Remember when ChatGPT couldn't tell you the weather or gather top headlines? Are you still frustrated asking Gemini to create a JIRA ticket from a bug report email? Perhaps you're tired of Cursor hallucinating database column names because it's walled off from your live schema, so you're constantly copy-pasting the same context across your Claude and Cursor apps. Despite their eloquent email-writing powers, out-of-the-box Large Language Models (LLMs) are powerful predictors, not contextually-aware assistants. They operate in silos, forcing you to start with fresh context -- or none at all -- for every new task.
This constant context-juggling isn't just annoying, it's fragile. When a better model is released or your data governance rules change, do you have to re-implement your entire workflow? What if you want to easily swap out Gemini's new video generation model for one from Stable Diffusion?
With Model Context Protocol (MCP), an open-source framework released by Anthropic for building truly helpful, environment-agnostic AI assistants, you can create a persistent, shareable context layer across models and tools. And with Vast.ai's secure and affordable cloud GPU instances, implementing your own MCP has never been easier.
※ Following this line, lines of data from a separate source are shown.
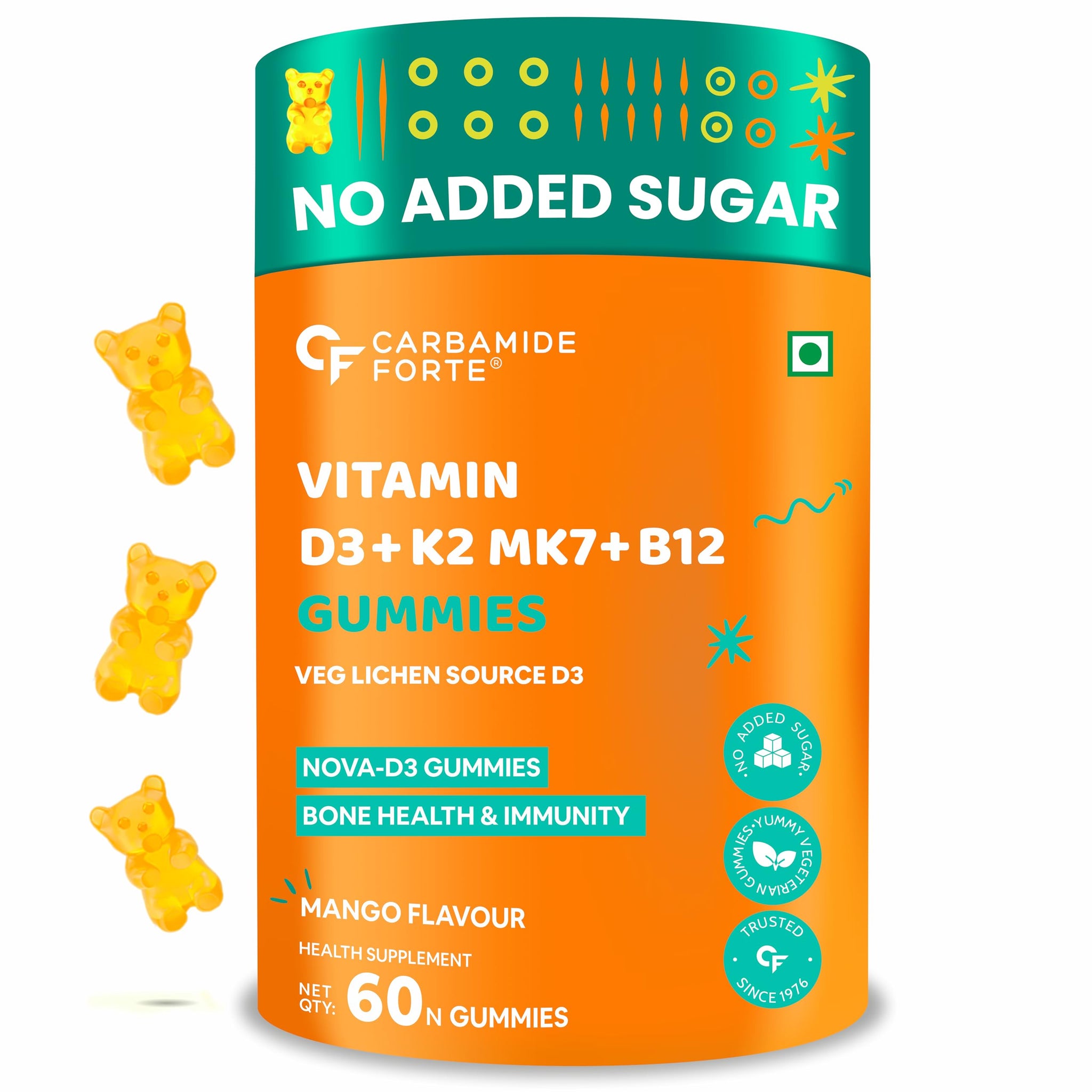 Carbamide Forte Vitamin D3 K2 MK7 Supplement, Lichen-Based Formula, Adult (13)
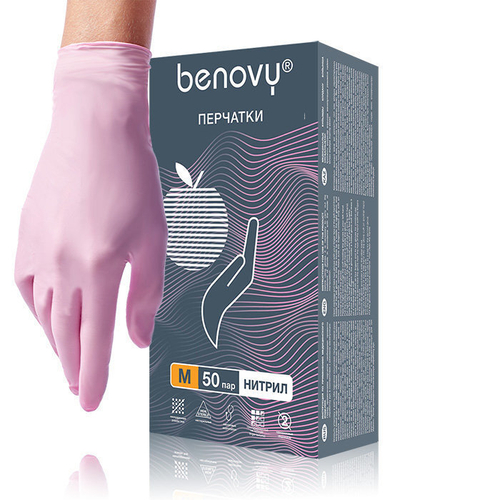 Benovy Перчатки нитриловые розовые (М), 50 пар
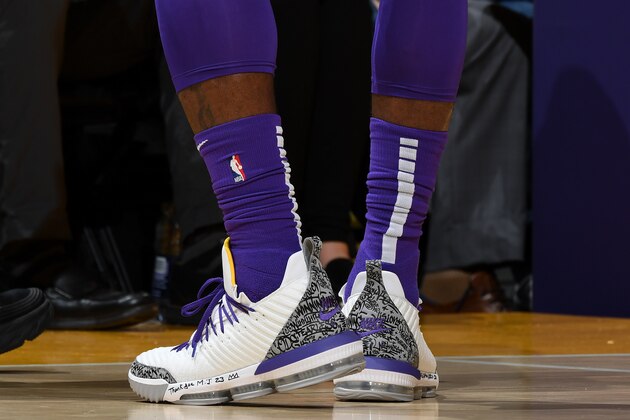 LOS ANGELES, CA - MARCH 6: The sneakers worn by LeBron James #23 of the Los Angeles Lakers against the Denver Nuggets on March 6 2019 at STAPLES Center in Los Angeles, California. NOTE TO USER: User expressly acknowledges and agrees that, by downloading and/or using this Photograph, user is consenting to the terms and conditions of the Getty Images License Agreement. Mandatory Copyright Notice: Copyright 2019 NBAE (Photo by Andrew D. Bernstein/NBAE via Getty Images)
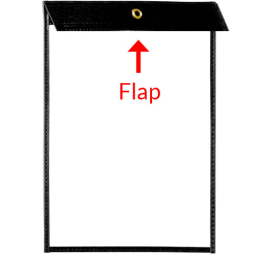 Rigid-Vinyl Sewn Pocket - 9" x 12" - Open Short with Overlapping Flap
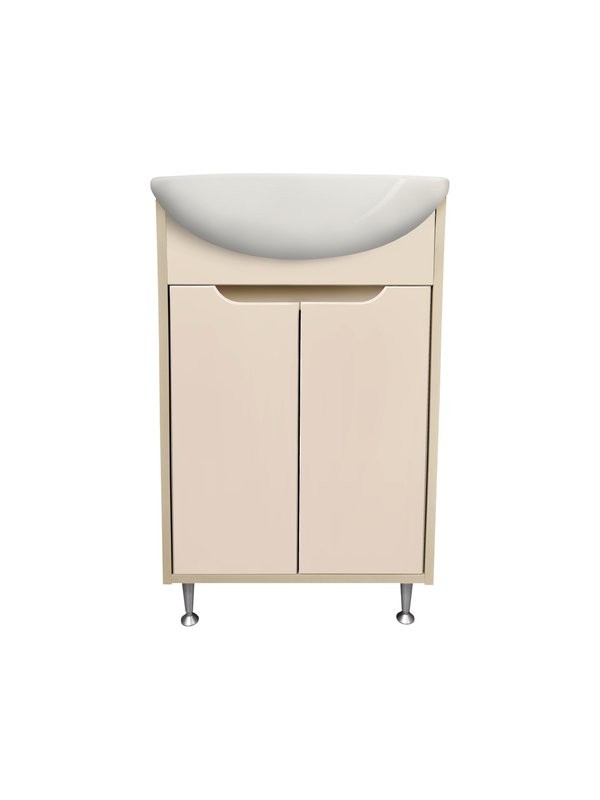 Тумба с раковиной Runo Эконова 50 напольная, какао-бежевая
Model Context Protocol Architecture
MCP architecture is built on three key components:
With MCP, any developer can build a server to connect an API to any MCP-compatible client. You no longer have to wait for official integrations from LLM providers.
An MCP server provides three categories of capabilities to the model – tools, resources, and prompts. In the following guide, you'll focus on creating MCP tools and learn to create useful actions to spawn from your clients via a remote MCP server on Vast.ai's platform.
Remote MCP Servers
Initially, MCP architecture only supported locally running servers using stdio transport. Since summer 2025, it supports remote access via streamable-http, enabling scalable, AI-enabled workflows that integrate LLMs across your organization. Now teams can more easily integrate data services and build custom workflows within their workspaces.
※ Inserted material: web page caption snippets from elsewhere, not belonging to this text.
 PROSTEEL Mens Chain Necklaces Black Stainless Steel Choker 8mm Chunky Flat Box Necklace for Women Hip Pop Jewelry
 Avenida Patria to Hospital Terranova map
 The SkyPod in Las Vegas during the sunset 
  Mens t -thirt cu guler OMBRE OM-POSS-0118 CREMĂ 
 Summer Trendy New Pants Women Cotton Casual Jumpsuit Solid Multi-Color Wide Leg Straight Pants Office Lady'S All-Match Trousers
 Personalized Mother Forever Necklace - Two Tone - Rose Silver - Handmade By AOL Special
Vast.ai's affordable GPU instance rentals provide flexible and affordable hosting for as many MCP servers as you want to create – scaling up your team's AI workflows quickly and securely.
Tutorial: Build a Stock Sentiment Analysis MCP
Today, you'll build an MCP server for stock sentiment analysis correlation hosted on Vast.ai's platform. This setup provides a foundation for team-based workflows. For example, a financial analyst company may use this MCP tool to probe further into market conditions all within the Claude interface, or spur discussions by connecting this output to a shared Slack channel, providing up to date and collective information to multiple teams. To begin, let's review what you'll need for this process.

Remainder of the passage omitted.